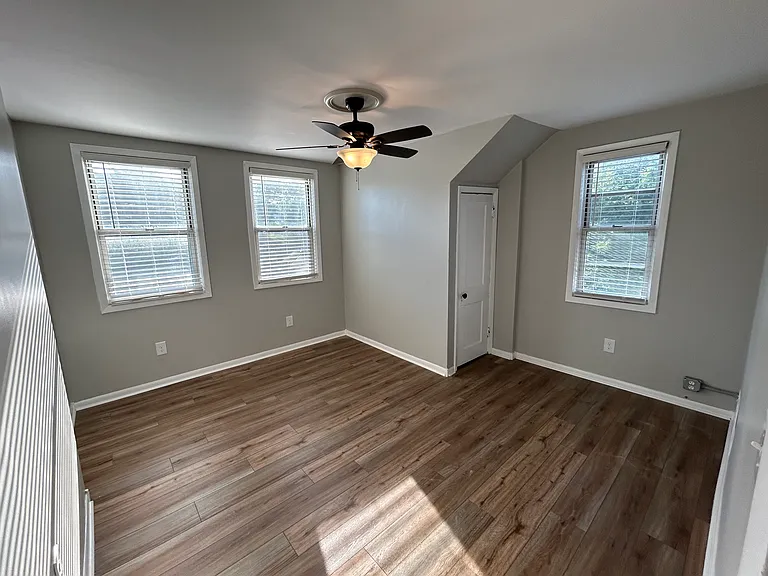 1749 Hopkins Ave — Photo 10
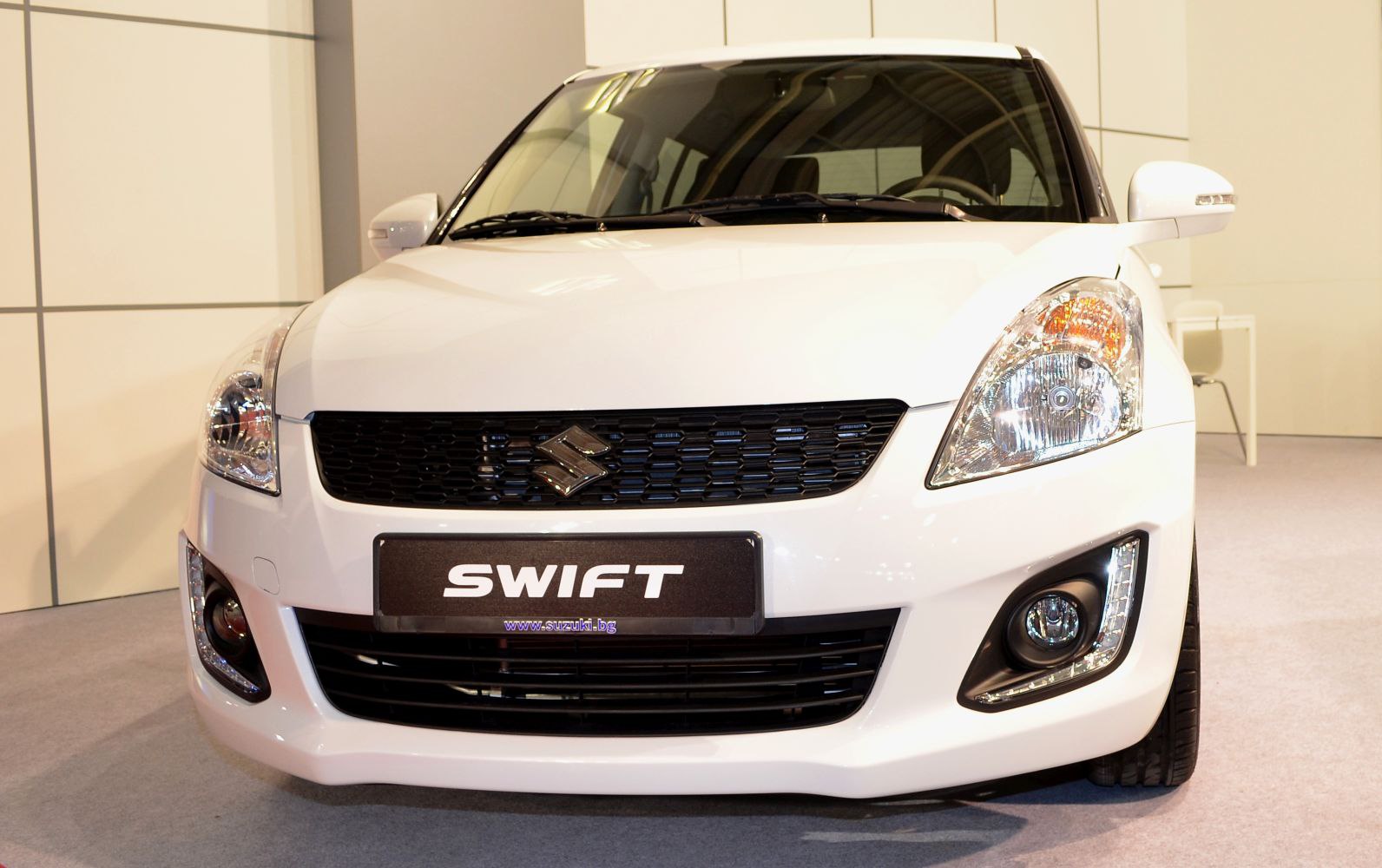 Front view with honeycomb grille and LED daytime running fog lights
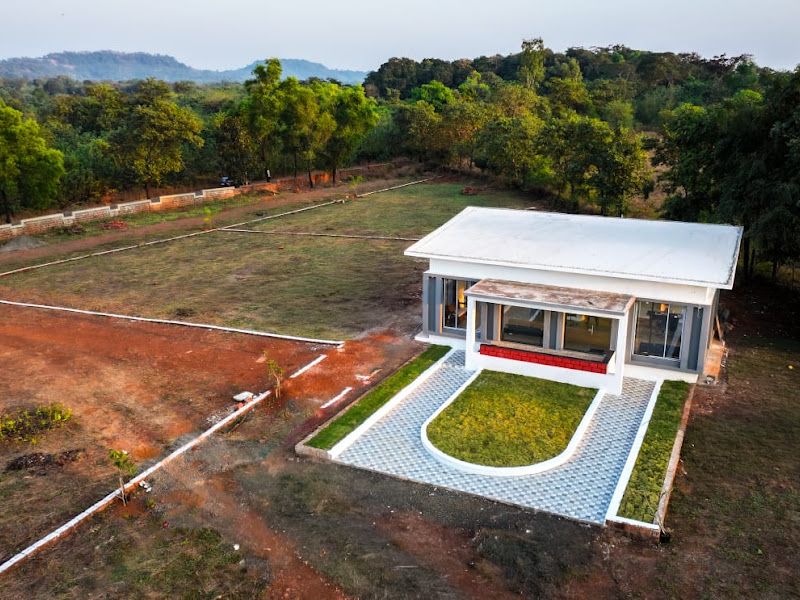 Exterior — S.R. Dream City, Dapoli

---

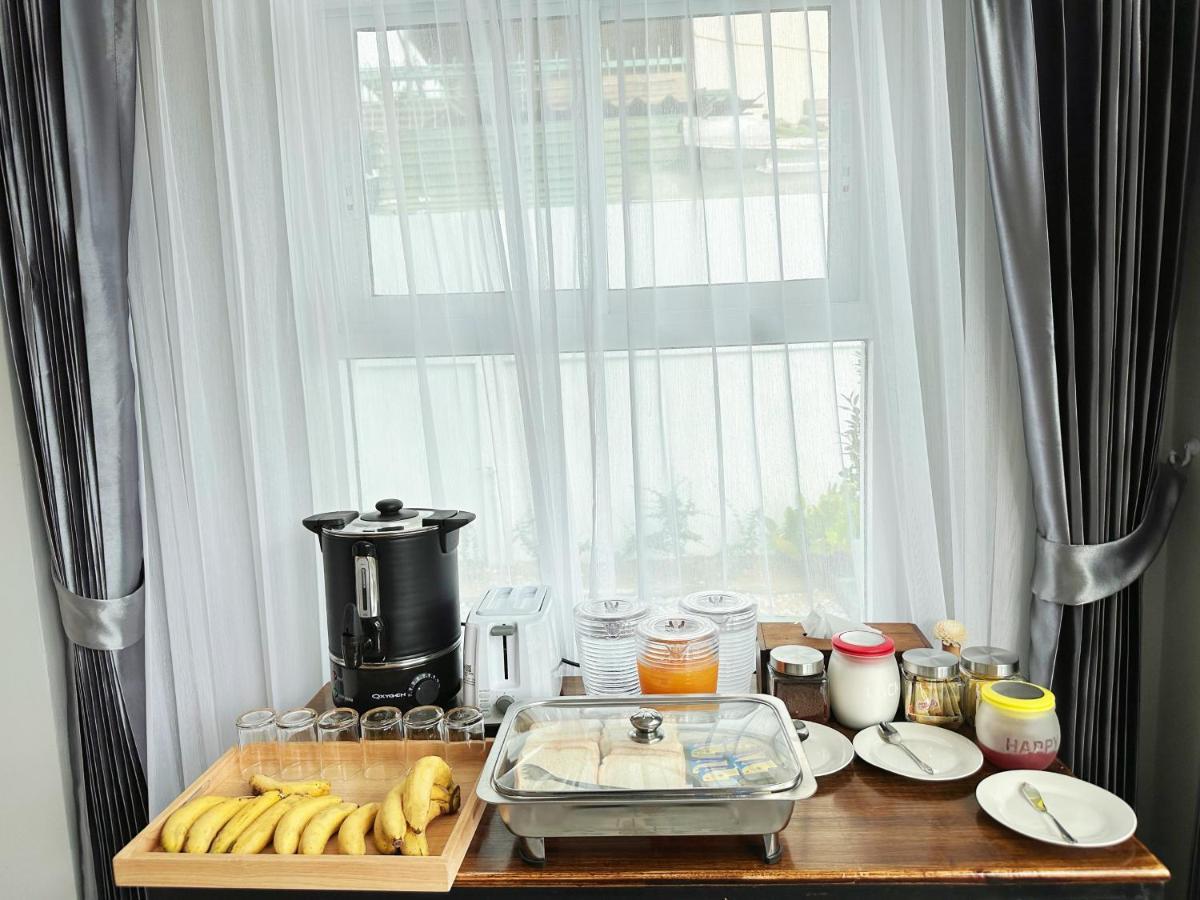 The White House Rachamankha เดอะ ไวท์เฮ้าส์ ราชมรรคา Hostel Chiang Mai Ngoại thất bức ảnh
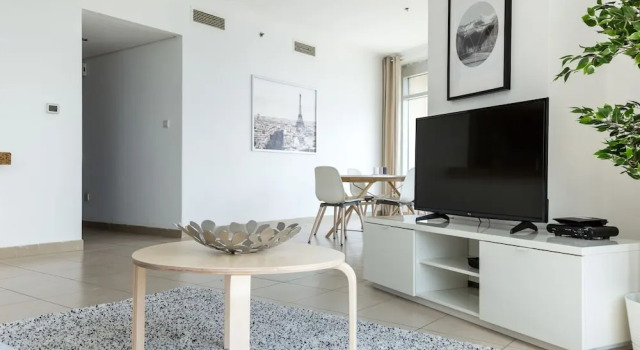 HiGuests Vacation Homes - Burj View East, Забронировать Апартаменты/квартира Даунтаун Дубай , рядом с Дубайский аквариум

- _TASK STATEMENT_:
In the material above, the stretch from the line with "1749 Hopkins Ave — Photo 10" through the line with "Exterior — S.R. Dream City, Dapoli" is to be given again exactly, minus the pictures.

- _TASK RESPONSE_:
 1749 Hopkins Ave — Photo 10
 Front view with honeycomb grille and LED daytime running fog lights
 Exterior — S.R. Dream City, Dapoli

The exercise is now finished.